Dataset entries
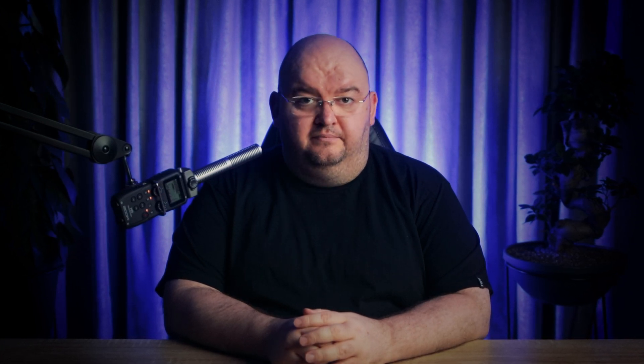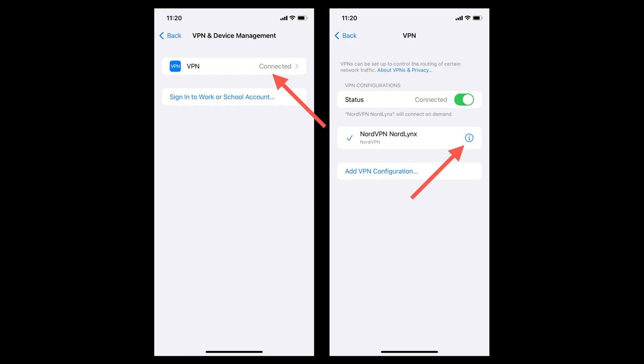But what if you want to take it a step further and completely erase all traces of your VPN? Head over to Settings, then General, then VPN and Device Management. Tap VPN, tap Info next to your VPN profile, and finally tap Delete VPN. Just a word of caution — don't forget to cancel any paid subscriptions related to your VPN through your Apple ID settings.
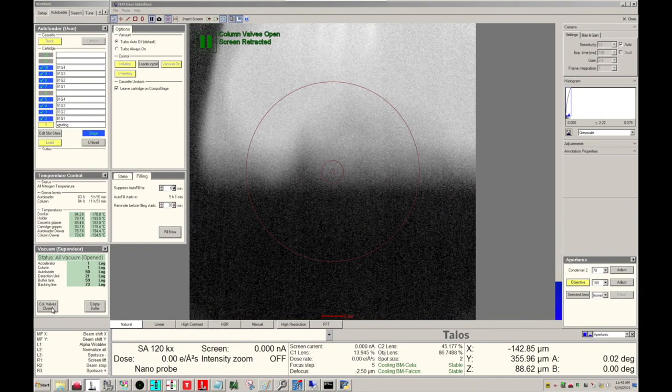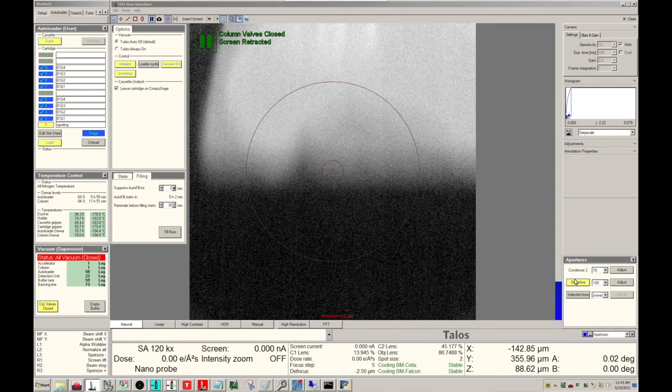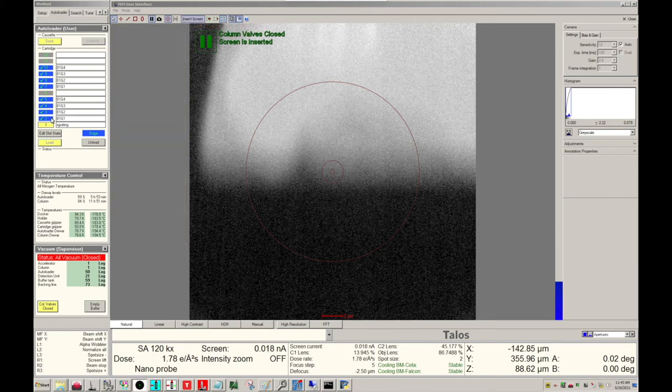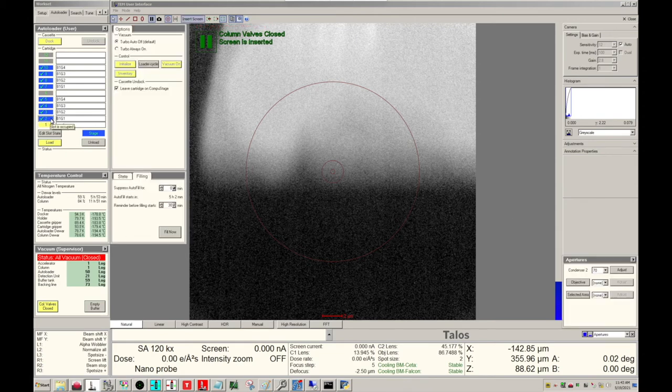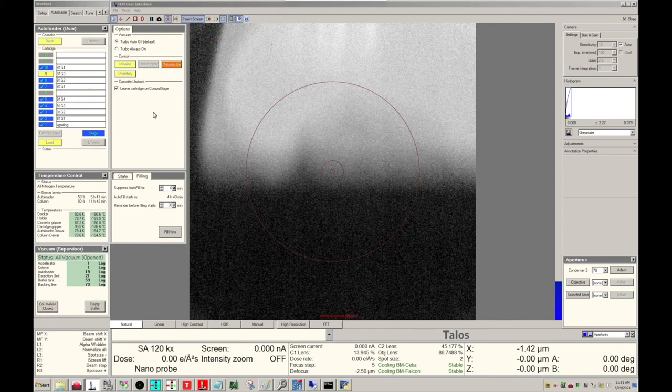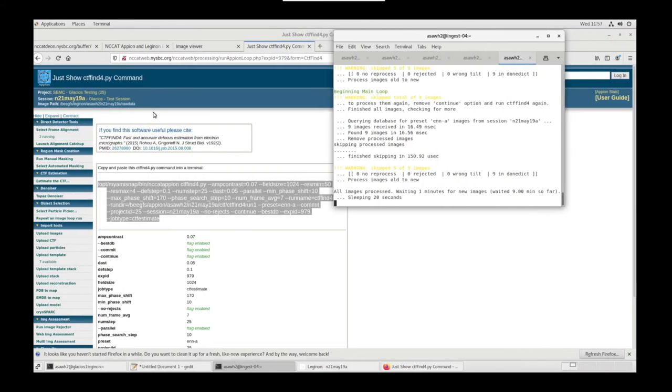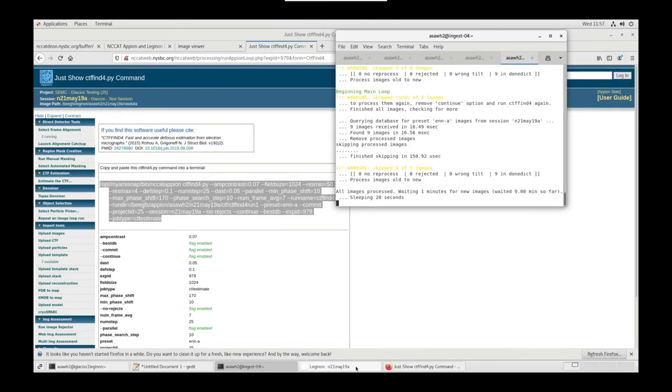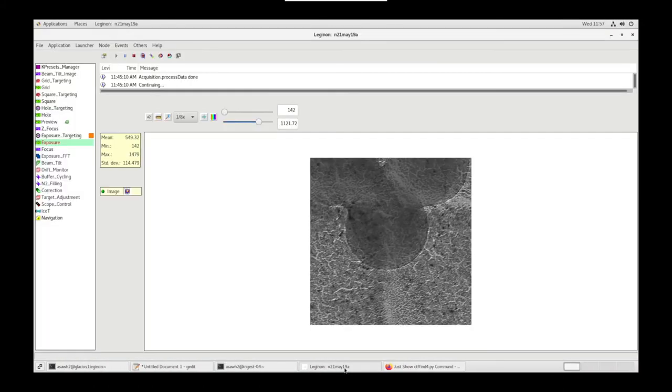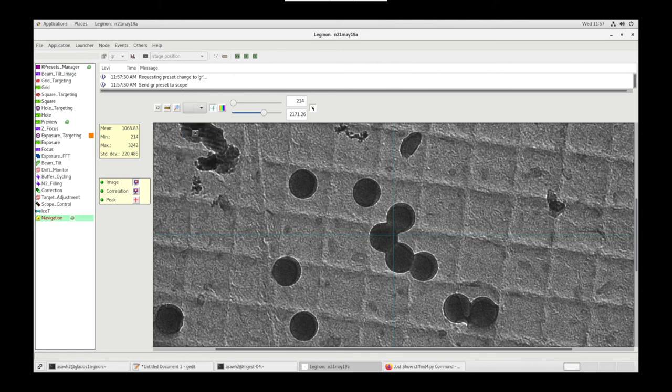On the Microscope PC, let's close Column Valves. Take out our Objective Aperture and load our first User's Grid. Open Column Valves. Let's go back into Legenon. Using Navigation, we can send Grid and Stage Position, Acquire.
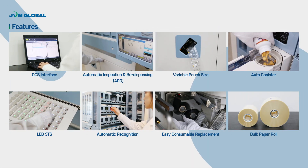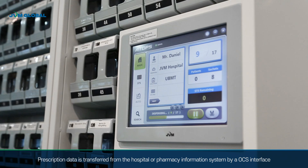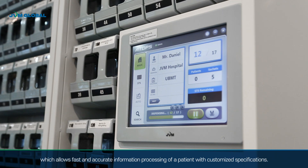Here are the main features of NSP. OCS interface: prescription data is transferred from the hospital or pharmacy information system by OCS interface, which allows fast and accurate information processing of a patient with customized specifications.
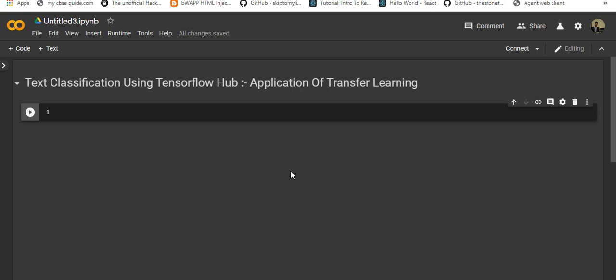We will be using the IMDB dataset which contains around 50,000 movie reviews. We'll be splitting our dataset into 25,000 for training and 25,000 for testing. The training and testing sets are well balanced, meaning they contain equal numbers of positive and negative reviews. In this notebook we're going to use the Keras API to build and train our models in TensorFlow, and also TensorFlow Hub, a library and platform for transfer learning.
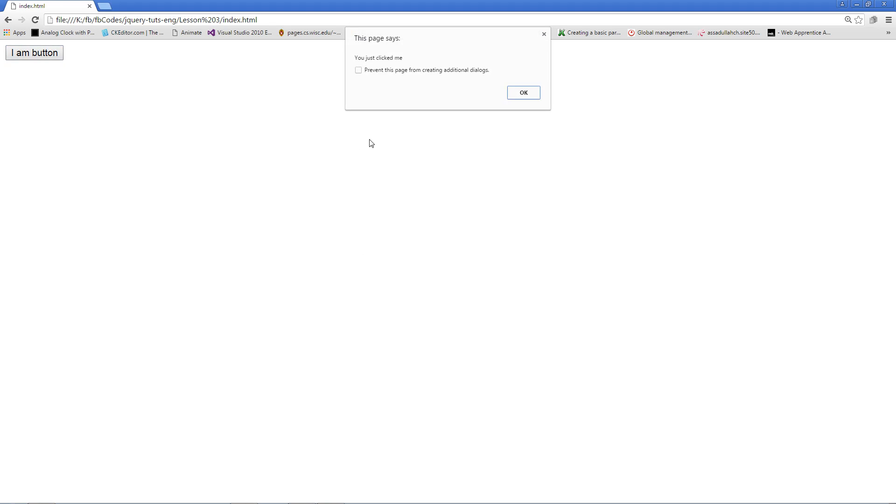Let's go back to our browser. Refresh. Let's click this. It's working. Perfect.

--

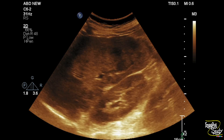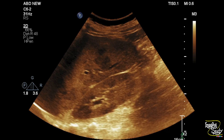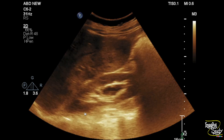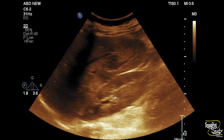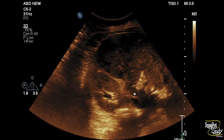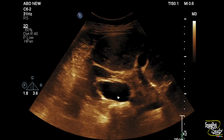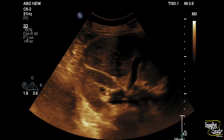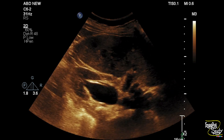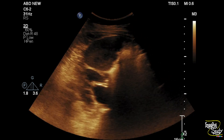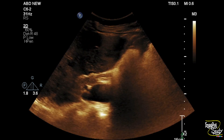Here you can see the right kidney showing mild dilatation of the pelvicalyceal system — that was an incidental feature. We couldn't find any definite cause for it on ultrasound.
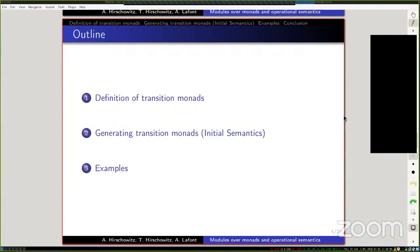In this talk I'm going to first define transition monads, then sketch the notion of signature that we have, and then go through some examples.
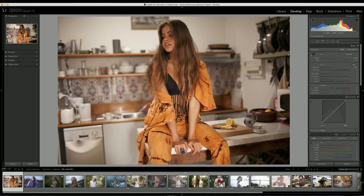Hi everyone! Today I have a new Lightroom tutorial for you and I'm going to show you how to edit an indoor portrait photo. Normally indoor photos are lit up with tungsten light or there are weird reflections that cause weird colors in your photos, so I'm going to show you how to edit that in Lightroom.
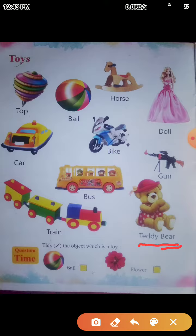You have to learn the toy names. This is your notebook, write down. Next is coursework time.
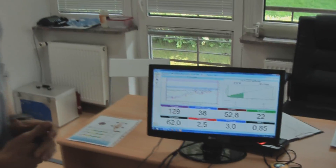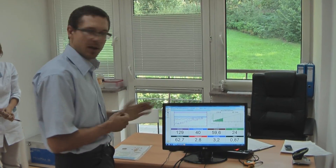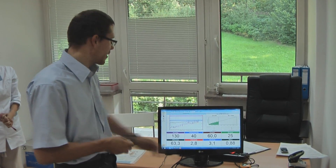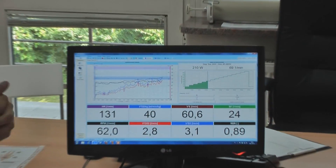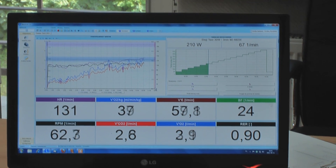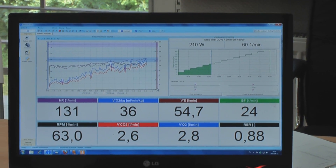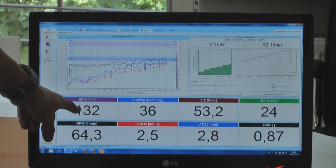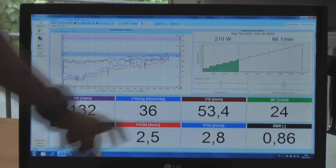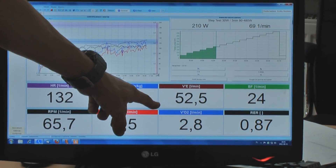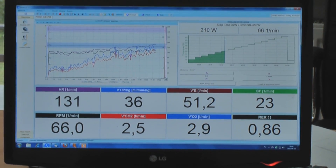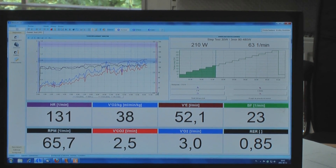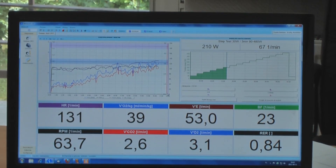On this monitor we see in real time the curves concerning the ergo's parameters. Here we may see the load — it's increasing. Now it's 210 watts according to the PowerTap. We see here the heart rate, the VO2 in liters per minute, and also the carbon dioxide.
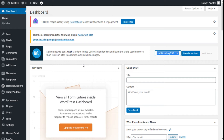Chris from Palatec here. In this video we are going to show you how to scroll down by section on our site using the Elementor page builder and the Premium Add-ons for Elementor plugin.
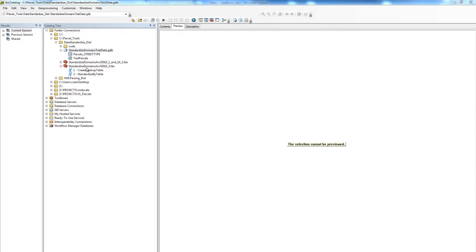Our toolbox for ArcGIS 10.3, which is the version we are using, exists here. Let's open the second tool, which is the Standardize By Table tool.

ASSIGNMENT:
Of the lines above, copy only those from the one holding "You have to" to the one holding "Our toolbox for", both included, and exclude every image.

TASK OUTPUT:
You have to learn the toy names. This is your notebook, write down. Next is coursework time.
On this monitor we see in real time the curves concerning the ergo's parameters. Here we may see the load — it's increasing. Now it's 210 watts according to the PowerTap. We see here the heart rate, the VO2 in liters per minute, and also the carbon dioxide.
Chris from Palatec here. In this video we are going to show you how to scroll down by section on our site using the Elementor page builder and the Premium Add-ons for Elementor plugin.
Our toolbox for ArcGIS 10.3, which is the version we are using, exists here. Let's open the second tool, which is the Standardize By Table tool.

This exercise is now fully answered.